She was just 25, and a new mom, when she was diagnosed with stage three melanoma in 2018.

Surgery and treatment at University of Michigan Health Rogel Cancer Centerhas helped her stay cancer-free in the six years since her diagnosis, but Koskinen is not one to simply accept her good fortune and call it a day.

“It’s always just kind of been in my nature to want to help other people,” Koskinen said.

“I really want to be there for someone else, and I’m a proactive person, so something I’m trying to do now with melanoma is prevention.”

With that in mind, Koskinen launched @makedermsure, an Instagram page containing facts and tips about preventing all types of skin cancer.

But her prevention efforts go beyond merely advocating that young moms and their kids (and everybody else) use more sunscreen.

Consider children’s playgrounds, Koskinen says.

They tend to be wide-open, sun-drenched spaces – Koskinen argues that school districts and municipalities should consider building shaded areas over at least part of the play area.

Heading outdoors with the kids on a warm summer day?

Besides smoothing on some sunscreen, wear sun-shading hats – and try some of the newer types of UV-blocking clothing, including loose-fitting, ultra-lightweight jackets that don’t have the heavy feel of UV-protective sun shirts (which some people find uncomfortable in the heat).

Maybe the most important tip for moms with kids is to start getting them used to wearing sunscreen when they’re little, she said.

“As soon as they can wear it, put it on,” Koskinen said.

“That, and being consistent – putting it on every time you go outside – are two good things.”

A couple of simple tricks can make it easier to apply sunscreen to a busy and active little person, Koskinen said.

And she should know – last summer she and her husband welcomed a second child to their growing family.

“I take a brush, like a makeup brush or sponge, and I put the sunscreen on that. Broad-spectrum sunscreen is best to protect against UV-A and UV-B. Then, from the brush, I put it on them, especially on their faces,” she said.

She hopes that as they grow, they’ll make sunscreen a part of their daily ritual, just like she does.

“I put it on first thing in the morning, rain or shine,” Koskinen said.

“We have bottles right by whatever doors we go out to play. If it becomes habitual, a routine, then it’s no big deal.”

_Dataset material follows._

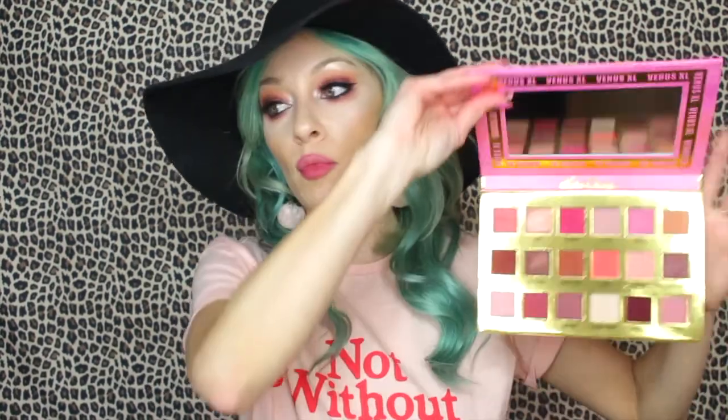I think it's on par with a lot of the other shadows out there currently. This palette is more of a play on the Venus one — it has a lot of those similar grungy warm tones that people have come to love, and it has 10 more shades.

Michigan Medicine pediatric dermatologist Jennifer Mancuso, M.D., agrees on the importance of sun protection for kids.

“The biggest purpose of sun protection early in life is protection from skin cancer later in life,” Mancuso said.

For that, sunscreen is an important factor – but certainly not the only one.

“Generally, sun protective clothing – long-sleeved swim shirts, hats, etc. – are much more effective at sun protection than sunscreen” – if you can convince children to wear them, Mancuso said.

“Clothing is definitely best. You don’t have to reapply it, and it doesn’t irritate the skin.”

When Mancuso talks to older kids in their teens or tweens she’ll often suggest wearing sun protective clothing when they’re with their families, and using sunscreen, reapplied generously every two hours, when they’re hanging out more socially with their friends.

“There’s a lot of UPF clothing that has been tested to ensure it has a specific level of sun protection,” she said, referring to garments’ Ultraviolet Protection Factor.

The higher the UPF number, the more protective the clothing is against the UV rays that cause sun damage.

Another key consideration, Mancuso says, is that sunscreen SPF ratings are based on using a really large quantity of sunscreen.

“People don’t usually use the thick layer of sunscreen required to meet standards,” she said.

Here are a few more sun safety tips:

  • If you are outside more than 15 minutes between 10 a.m. and 4 p.m., apply sunscreen to all exposed areas and reapply at least every two hours
  • Research sunscreens that work best for you, including lotions, gels, sticks and sprays, with a minimum SPF of 30; use SPF 50 for those prone to sunburn
  • Shade outdoor spaces with large umbrellas; plant more shade trees
  • Ensure sunscreen is liberally applied
  • Wear makeup or moisturizers made with sunscreen on exposed areas of skin every day, even in the winter

Written by John Masson.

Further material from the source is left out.